A review of your new album in Rolling Stones read, 'who will save rock n roll, they ask? They already did, for today, at least '. How does a comment like that make you feel?

“It feels great. It feels great when you do something and it gets appreciated and understood it's wonderful. We're doing it for ourselves really in a lot of ways. We're a bunch of kids that grew up in the 60s and 70s and rock n roll was the thing we knew how to do and it's still the thing we know how to do. It's not like 'okay rap is happening now so let's be rap'. We don't know how to, this is what we do and it feels great to feel loved and appreciated and respected for what you do. I don't know how important we are that's for people to decide... how important we are, how great we are. All I know is we're having a lot of fun doing this and it feels wonderful to be able to travel to different places in the world and get paid money to play rock n roll music that you enjoy playing. I just feel really lucky that way.”

Being in and out of the music industry for so long, what's one of the most valuable things you've learnt?

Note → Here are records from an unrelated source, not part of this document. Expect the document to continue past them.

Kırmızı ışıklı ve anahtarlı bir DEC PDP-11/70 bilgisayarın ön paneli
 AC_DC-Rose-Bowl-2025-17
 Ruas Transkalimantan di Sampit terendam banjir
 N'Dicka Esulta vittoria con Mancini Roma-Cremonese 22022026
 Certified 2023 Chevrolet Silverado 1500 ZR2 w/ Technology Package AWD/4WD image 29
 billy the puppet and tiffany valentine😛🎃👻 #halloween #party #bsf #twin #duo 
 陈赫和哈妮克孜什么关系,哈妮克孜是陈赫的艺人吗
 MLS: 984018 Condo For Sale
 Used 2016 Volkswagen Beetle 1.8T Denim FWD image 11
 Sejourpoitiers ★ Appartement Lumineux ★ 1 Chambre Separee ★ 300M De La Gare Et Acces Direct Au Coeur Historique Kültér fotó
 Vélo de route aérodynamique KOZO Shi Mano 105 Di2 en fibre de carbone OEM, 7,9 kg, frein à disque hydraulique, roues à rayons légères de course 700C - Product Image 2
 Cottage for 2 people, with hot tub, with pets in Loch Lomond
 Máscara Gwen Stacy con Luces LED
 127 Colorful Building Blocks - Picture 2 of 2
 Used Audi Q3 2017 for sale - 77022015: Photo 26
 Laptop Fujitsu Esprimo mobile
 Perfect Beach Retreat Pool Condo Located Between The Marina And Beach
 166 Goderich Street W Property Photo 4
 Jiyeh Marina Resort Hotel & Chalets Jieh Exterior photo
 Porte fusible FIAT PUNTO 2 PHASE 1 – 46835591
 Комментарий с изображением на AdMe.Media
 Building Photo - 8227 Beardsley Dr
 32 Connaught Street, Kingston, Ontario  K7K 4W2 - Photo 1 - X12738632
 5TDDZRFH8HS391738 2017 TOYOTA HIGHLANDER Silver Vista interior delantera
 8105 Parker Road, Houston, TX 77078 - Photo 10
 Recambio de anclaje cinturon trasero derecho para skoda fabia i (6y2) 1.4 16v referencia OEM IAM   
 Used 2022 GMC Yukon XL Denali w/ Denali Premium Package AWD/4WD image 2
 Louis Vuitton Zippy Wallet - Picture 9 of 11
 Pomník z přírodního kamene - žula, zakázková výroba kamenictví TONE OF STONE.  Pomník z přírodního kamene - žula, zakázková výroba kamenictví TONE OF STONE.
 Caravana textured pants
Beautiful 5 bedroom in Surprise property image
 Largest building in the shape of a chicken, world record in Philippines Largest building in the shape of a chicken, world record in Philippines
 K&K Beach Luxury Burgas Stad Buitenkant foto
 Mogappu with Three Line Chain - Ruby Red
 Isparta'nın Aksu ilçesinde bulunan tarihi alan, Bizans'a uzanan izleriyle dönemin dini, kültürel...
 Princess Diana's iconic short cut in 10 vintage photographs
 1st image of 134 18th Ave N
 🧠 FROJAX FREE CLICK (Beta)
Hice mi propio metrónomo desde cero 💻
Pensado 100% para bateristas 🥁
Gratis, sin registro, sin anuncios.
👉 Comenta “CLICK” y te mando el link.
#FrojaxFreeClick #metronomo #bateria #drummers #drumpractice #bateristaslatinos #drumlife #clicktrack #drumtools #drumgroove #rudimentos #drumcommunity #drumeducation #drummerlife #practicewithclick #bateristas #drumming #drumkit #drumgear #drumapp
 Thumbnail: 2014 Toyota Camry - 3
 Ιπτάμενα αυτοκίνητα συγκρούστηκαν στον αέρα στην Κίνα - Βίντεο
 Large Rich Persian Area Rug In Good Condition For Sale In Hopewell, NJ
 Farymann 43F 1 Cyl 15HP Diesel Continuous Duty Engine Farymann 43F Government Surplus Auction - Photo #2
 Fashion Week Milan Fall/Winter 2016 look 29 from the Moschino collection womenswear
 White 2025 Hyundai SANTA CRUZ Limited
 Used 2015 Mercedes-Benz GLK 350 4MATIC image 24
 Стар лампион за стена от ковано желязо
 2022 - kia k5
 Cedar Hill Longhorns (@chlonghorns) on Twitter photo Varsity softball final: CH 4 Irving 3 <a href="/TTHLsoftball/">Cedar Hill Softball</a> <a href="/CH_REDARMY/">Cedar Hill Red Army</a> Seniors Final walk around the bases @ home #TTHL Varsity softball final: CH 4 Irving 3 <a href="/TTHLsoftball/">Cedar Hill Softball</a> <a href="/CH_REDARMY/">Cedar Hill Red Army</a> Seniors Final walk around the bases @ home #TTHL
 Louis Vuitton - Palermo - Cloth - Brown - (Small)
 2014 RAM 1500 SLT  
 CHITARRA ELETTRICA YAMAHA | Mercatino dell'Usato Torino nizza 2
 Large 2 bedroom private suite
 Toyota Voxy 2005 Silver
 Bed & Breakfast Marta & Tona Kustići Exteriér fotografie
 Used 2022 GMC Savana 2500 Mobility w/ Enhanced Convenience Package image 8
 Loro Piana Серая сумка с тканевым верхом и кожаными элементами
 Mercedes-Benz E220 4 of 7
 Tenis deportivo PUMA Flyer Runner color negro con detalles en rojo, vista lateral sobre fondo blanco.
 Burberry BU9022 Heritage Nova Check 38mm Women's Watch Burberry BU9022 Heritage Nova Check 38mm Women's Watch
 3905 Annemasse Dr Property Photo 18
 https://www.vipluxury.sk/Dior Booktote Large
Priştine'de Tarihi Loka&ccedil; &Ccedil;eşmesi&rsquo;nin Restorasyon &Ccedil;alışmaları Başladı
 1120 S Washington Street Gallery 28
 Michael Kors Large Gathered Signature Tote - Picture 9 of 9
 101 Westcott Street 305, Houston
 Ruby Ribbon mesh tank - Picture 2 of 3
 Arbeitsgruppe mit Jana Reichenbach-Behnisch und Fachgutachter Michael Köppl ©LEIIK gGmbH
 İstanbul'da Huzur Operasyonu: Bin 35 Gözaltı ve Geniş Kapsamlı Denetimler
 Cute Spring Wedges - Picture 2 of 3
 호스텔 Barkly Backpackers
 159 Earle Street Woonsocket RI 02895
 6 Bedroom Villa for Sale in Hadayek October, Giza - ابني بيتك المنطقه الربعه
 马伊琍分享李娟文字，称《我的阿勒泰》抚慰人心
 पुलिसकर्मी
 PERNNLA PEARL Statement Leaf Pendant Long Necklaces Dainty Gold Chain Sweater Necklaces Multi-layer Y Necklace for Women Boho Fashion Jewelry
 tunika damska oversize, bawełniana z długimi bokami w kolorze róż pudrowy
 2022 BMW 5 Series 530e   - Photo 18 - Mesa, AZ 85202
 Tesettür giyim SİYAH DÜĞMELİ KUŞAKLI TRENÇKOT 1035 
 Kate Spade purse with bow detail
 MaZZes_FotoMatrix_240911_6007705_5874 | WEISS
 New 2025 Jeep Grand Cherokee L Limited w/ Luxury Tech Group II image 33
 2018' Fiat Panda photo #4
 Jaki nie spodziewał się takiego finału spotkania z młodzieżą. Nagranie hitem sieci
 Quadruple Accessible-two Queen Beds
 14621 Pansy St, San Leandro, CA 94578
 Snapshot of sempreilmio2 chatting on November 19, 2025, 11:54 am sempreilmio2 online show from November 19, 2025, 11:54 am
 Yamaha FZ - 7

“I think we sort of live in the cracks of the music industry. I don't consider us... like you sign a record deal you're with a big record company you have a staff that does your publicity and people that do your videos. We don't really kind of roll on that, we don't kind of really go on that gas. Dictators kind of fell between the cracks but we kind of found a niche. We found a place for ourselves in the world and it's a smaller place then playing places like Madison Square Gardens but never the less it's a place, a very important place and it is a place that allows us to tour and make money and make x amounts of people happy with what we do. It's a valuable thing that we have.”

Was there ever any other option for you then being in The Dictators? Weren't you a wrestler didn't you drive a cab driver?

“I always did something. I drove a cab, I wasn't a professional wrestler but I love wrestling somehow that story got out. I have my own bar now. Its sort of all tied into The Dictators... the bar, the band and the whole lifestyle. I don't know what else I could of done, I don't really think about it too much. I dropped out of college, I became a mailman, I became a cab driver, I became a drug addict, I became a singer in a band then we broke up, I became a cab driver and a drug addict and then I stopped being a drug addict and I became a bar tender, I became a Dictator again and now I'm a bar owner and a Dictator and not a drug addict. So it's kind of worked out good, everything's pretty good right now.”